COP 5611 SPRING 2003

COP 5611: OPERATING SYSTEMS -Spring 2003- Ted Baker

Distributed Deadlock Detection

These notes were used in a subsititute lecture, for Xiuwen Liu's class in Spring 2003.

The material is mainly from Chapter 7 (Distributed Deadlock Detection) in Advanced Concepts in OS.

You should be already familiar with deadlock handling in single-processor systems, from the undergraduate course that is prerequisite to this one.

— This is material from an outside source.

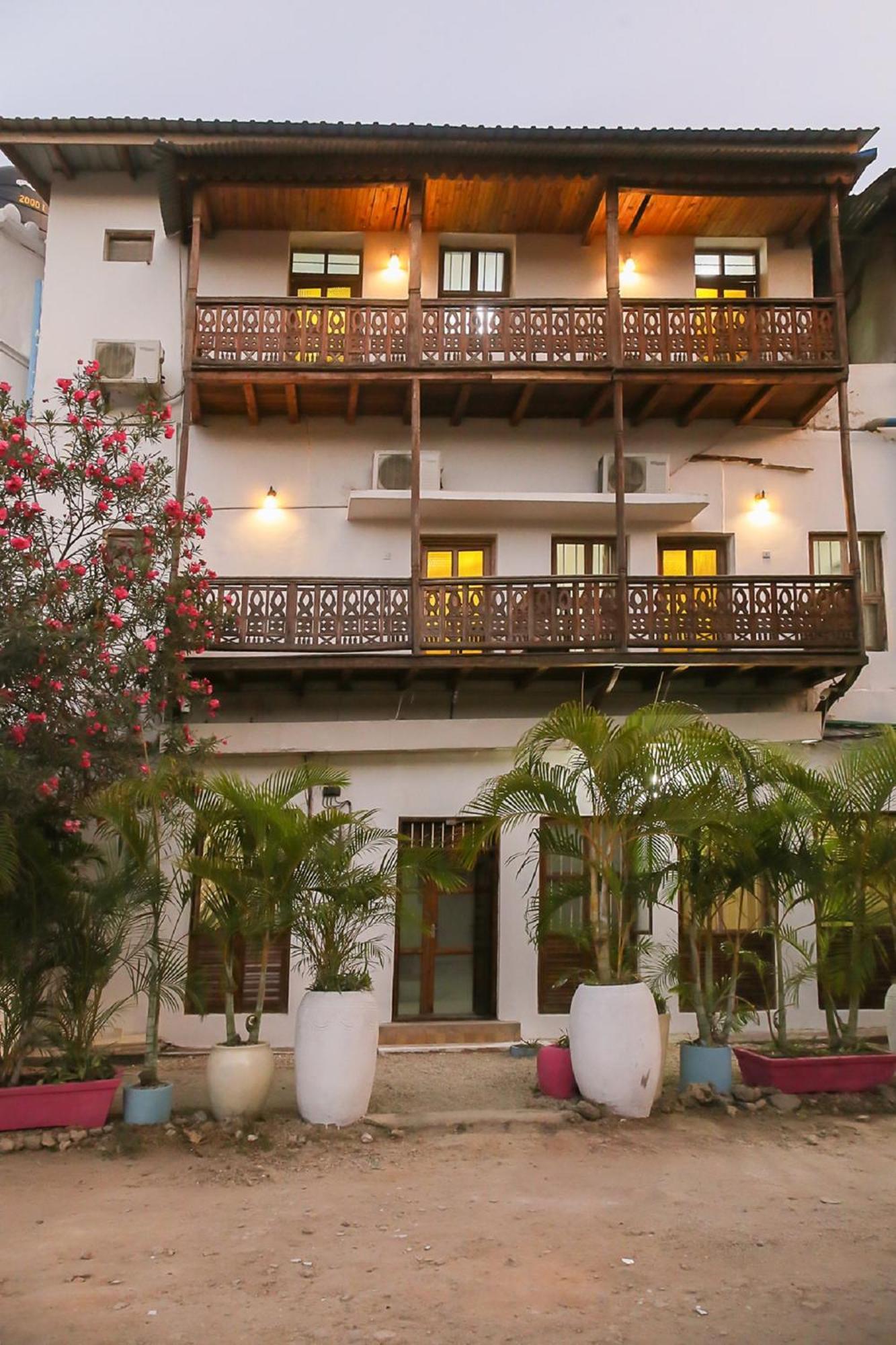 Town Nest Hotell 3*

If not, you should review it now, as background for distributed deadlock.

For reference, see COP 4610 Notes on Deadlock.

Beyond that, you should have read and be familiar with Chapter 3 of the text for this course, especially the sections on graph models for deadlock detection.

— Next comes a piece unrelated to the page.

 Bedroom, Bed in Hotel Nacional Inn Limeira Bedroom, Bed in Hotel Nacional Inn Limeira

Distributed Deadlock Models

Based on WFG (not GRG)

Nodes are processes
Resources are located at a site, but may be held by processes at other sites
Edge (P,Q) indicates P is blocked and waiting for Q to release some resource
Deadlock exists iff there is a directed cycle or knot (depends on request model -- see Chapter 3)

The text fudges a bit by forgetting that in some models the existence of a cycle is necessary but not sufficient, and the existence of a knot is sufficient but not necessary, leaving a gap.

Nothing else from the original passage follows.